Les Enfants Terribles: Dance Opera
You can see a dance-focused FREE preview at Midday Music on Friday, March 29th:
https://www.operaomaha.org/community/upcoming-events/midday-music-les-enfants-terribles
Tickets are still available for the ONE Festival!
https://www.onefestivalomaha.org/performances-events
Our third and final installment of the Opera in Conversation for the ONE Festival ended with guests James Darrah, the Director of Les Enfants Terribles and Artistic Director of the 2019 ONE Festival, and Gustavo Ramirez Sansano, the Choreographer of Les Enfants Terribles. The pair has worked together several times before, including on Semele, which Opera Omaha staged in 2016. The collaboration has been successful and prolific.

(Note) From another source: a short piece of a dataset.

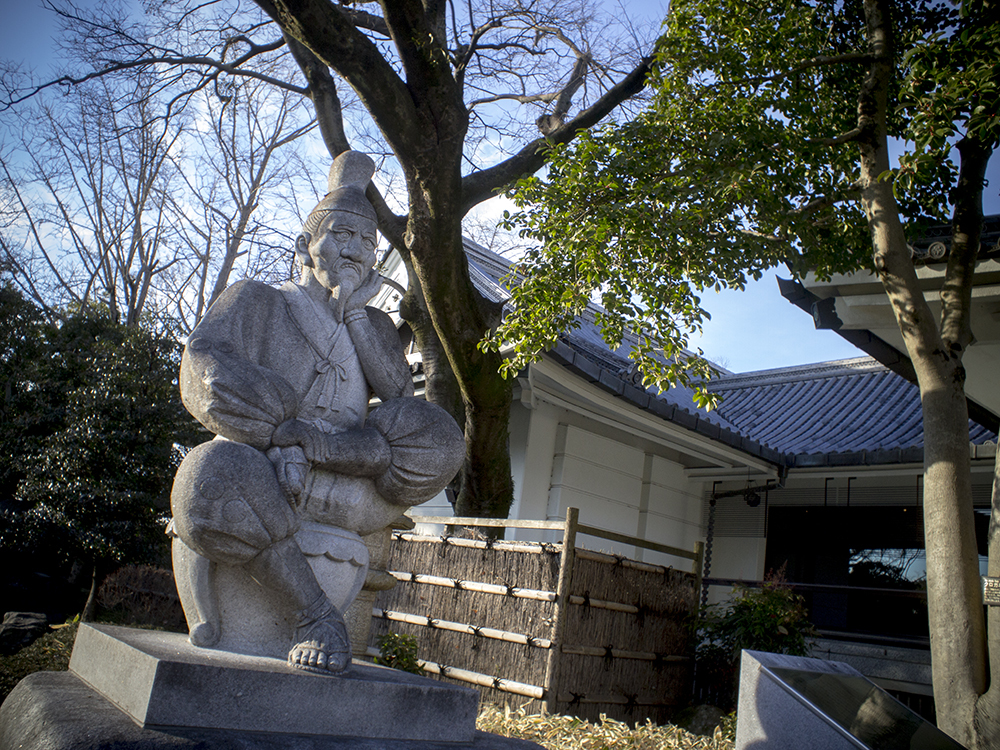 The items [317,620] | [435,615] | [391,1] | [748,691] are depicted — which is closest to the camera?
[317,620]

Gustavo grew up in a small town of roughly two hundred people that was rich with music. Dancing has always felt natural to him, whether that be flamenco or contemporary styles. He’s found the role of partnering with a stage director to be interesting, as he has to envision someone else’s thoughts, not just his own. There’s a mutual respect between James and Gustavo; James comments that Gustavo “moves people’s spines like no one else”. It’s this mutual respect that lends itself well to the integration of the art forms together.
Both Gustavo and James are kinetic and visual people. James sees opera as movement, and has always felt that opera singers need to think more like dancers and be able to express using the body. “A singer can be technically amazing, but if they have dead great white shark eyes, then it doesn’t matter”, James adds. Gustavo’s incorporation of movement into an abstract staging completes a vision of impressionistic bodies telling a story through physicality. This story could not come into being without both dance and music driving the emotion together. What opera veterans may be astonished by in Les Enfants Terribles is that the actors and actresses move organically with the dancers. They dance together in a way that opera goers may have never seen before.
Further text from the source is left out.